**Records contained in a dataset**
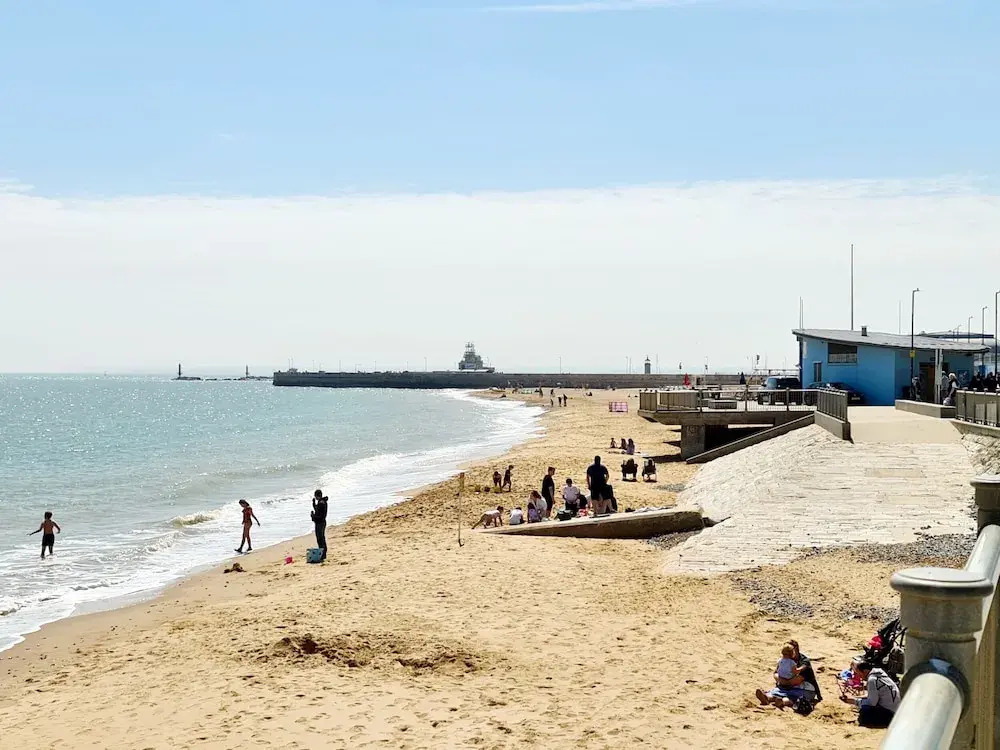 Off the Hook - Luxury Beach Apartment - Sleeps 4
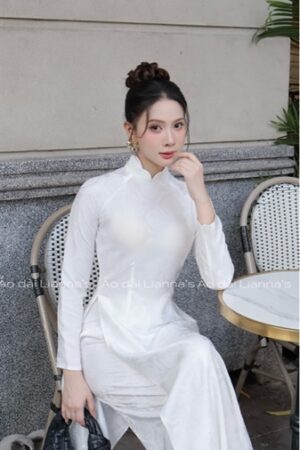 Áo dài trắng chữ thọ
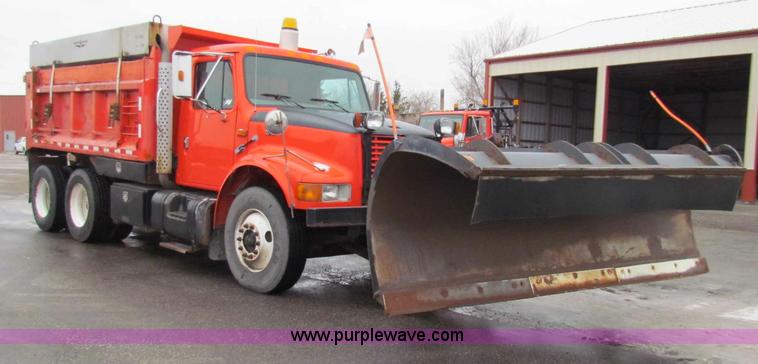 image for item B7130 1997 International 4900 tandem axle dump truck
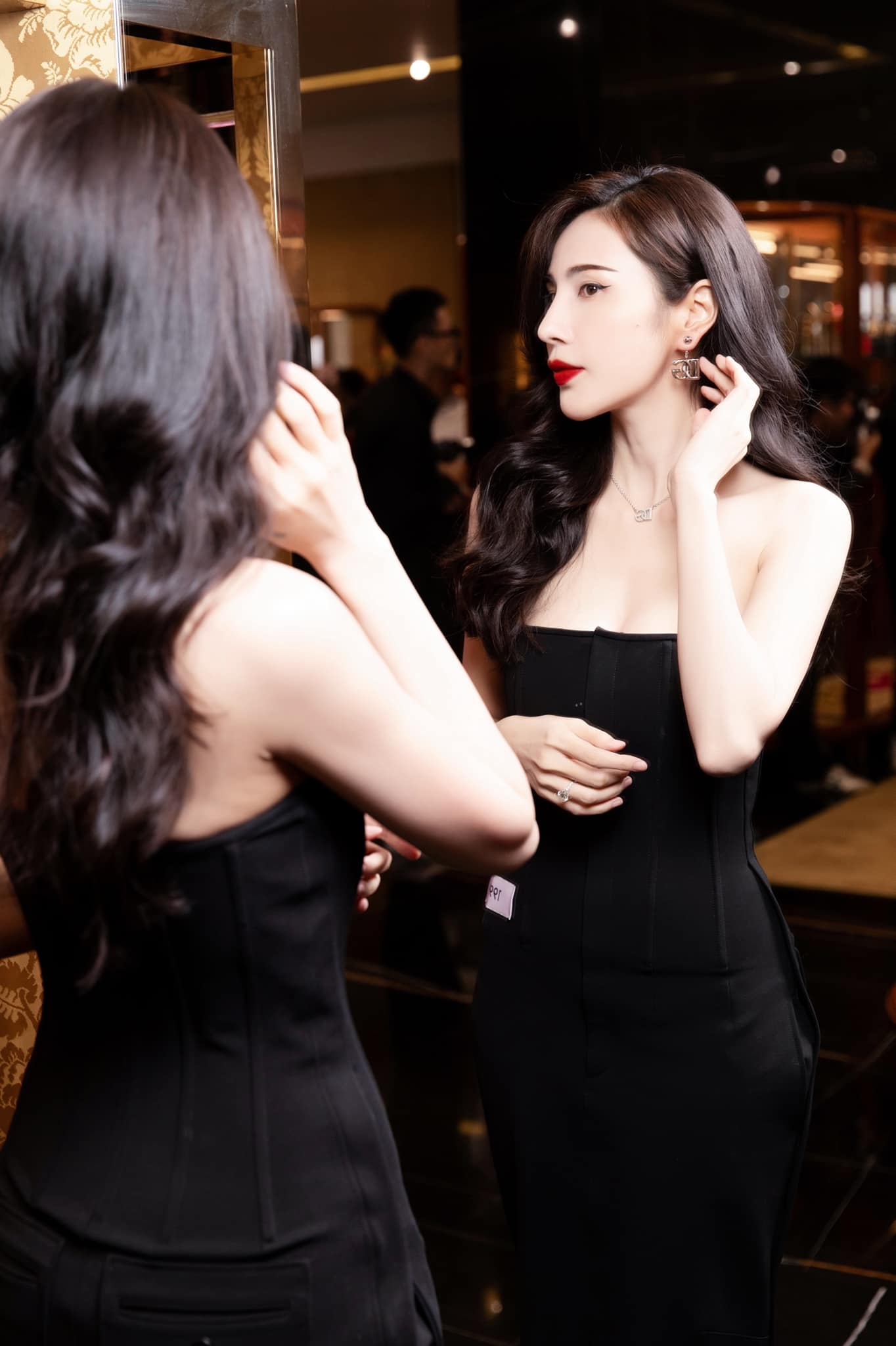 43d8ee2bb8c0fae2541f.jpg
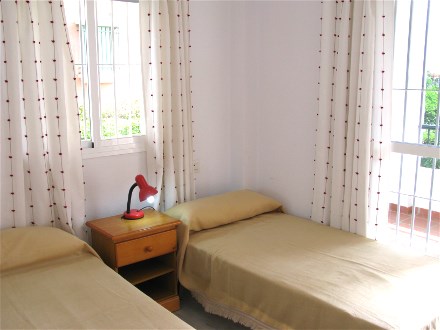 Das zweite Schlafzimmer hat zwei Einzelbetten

**The task**
Each word of the data should be repeated exactly, and the pictures left out.

**Solved problem**
 Off the Hook - Luxury Beach Apartment - Sleeps 4
 Áo dài trắng chữ thọ
 image for item B7130 1997 International 4900 tandem axle dump truck
 43d8ee2bb8c0fae2541f.jpg
 Das zweite Schlafzimmer hat zwei Einzelbetten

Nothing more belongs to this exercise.